In trying to understand what the results being returned by VTune are, I wrote up a simple program on Linux to just assign values to a 1000 element floating point array. The values being assigned were an addition of the loop variable (cast to float) and a single precision floating point number. I then created an activity to return x87 retired instructions and all of the packed single/double precision retired instructions.

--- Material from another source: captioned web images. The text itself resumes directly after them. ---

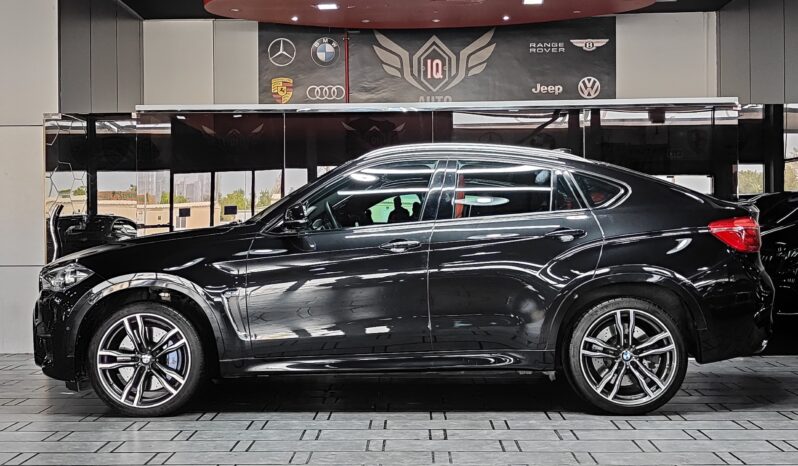
								AED 2,950 P.M | 2016 BMW X6 M | Under Warranty | GCC | full									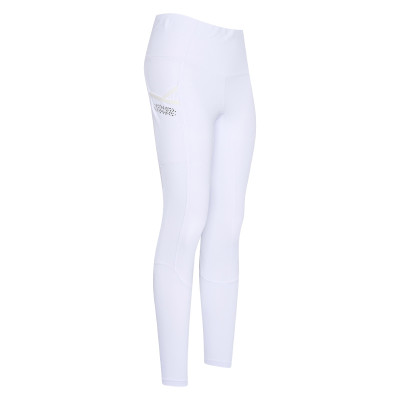 Legging d'équitation Euro-Star Breez Summer FullGrip Castor gris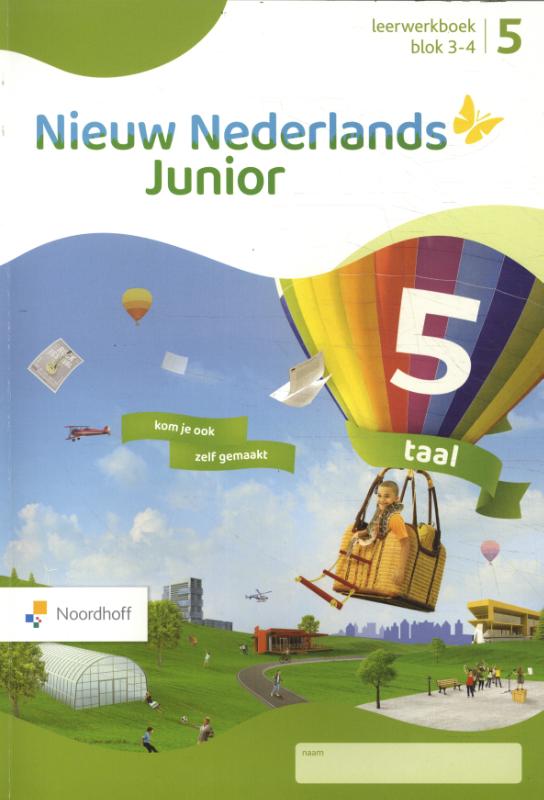 Omslag van Leerwerkboek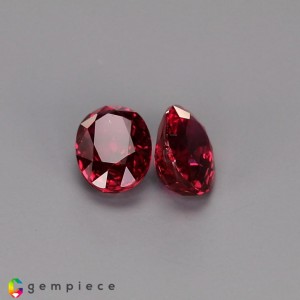 ruby  1.48cts - 6x4mm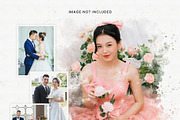 Watercolor Memory Photo Template, an Action Add-On by MRI STUDIO (Thumbnail 10 of 10)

When compiled with -O3 -xW -g, I got the following results regarding the floating point operations:

x87 instructions retired samples: 105
x87 instructions retired events: 8820
packed single precision floating point SSE retired samples: 14
packed single precision floating point SSE retired events: 14

When compiled with -O0 -g, the numbers came back as follows:

x87 instructions retired samples: 131
x87 instructions retired events: 10873
packed single precision floating point SSE retired samples: 14
packed single precision floating point SSE retired events: 14

As I said, the whole program was assigning floating point values to an array of 1000 elements. So there was one explicit floating point add that was executed 1000 times. How do I correlate this with the numbers returned above if I'm trying to count FLOPS? Code is below.

Thank you.

Les

for (i = 0; i < 1000; i++)
{
arr = (float)i + 10.3f;
}

robert-reed · ‎05-13-2009

Quoting - lhartzman

In trying to understand what the results being returned by VTune are, I wrote up a simple program on Linux to just assign values to a 1000 element floating point array. The values being assigned were an addition of the loop variable (cast to float) and a single precision floating point number. I then created an activity to return x87 retired instructions and all of the packed single/double precision retired instructions.

When compiled with -O3 -xW -g, I got the following results regarding the floating point operations:

x87 instructions retired samples: 105
x87 instructions retired events: 8820
packed single precision floating point SSE retired samples: 14
packed single precision floating point SSE retired events: 14

When compiled with -O0 -g, the numbers came back as follows:

x87 instructions retired samples: 131
x87 instructions retired events: 10873
packed single precision floating point SSE retired samples: 14
packed single precision floating point SSE retired events: 14

As I said, the whole program was assigning floating point values to an array of 1000 elements. So there was one explicit floating point add that was executed 1000 times. How do I correlate this with the numbers returned above if I'm trying to count FLOPS?

If these were collected using the default EBS events (hot spot analysis events), these numbers suggest that the x87 instructions retired events were collected with a SAV (Sample After Value) of 84 on the first set and 83 on the second set (84/83 events required to trigger one sample). For both cases, the SSE retired collections look like they're using an SAV of 1 (sample every event). Collecting only 14 events suggests that your code isn't doing what you think it should. Have you tried looking at a disassembly to see what kinds of instructions are actually being used? You might also try drilling down to the source of the x87 events and see where they're coming from.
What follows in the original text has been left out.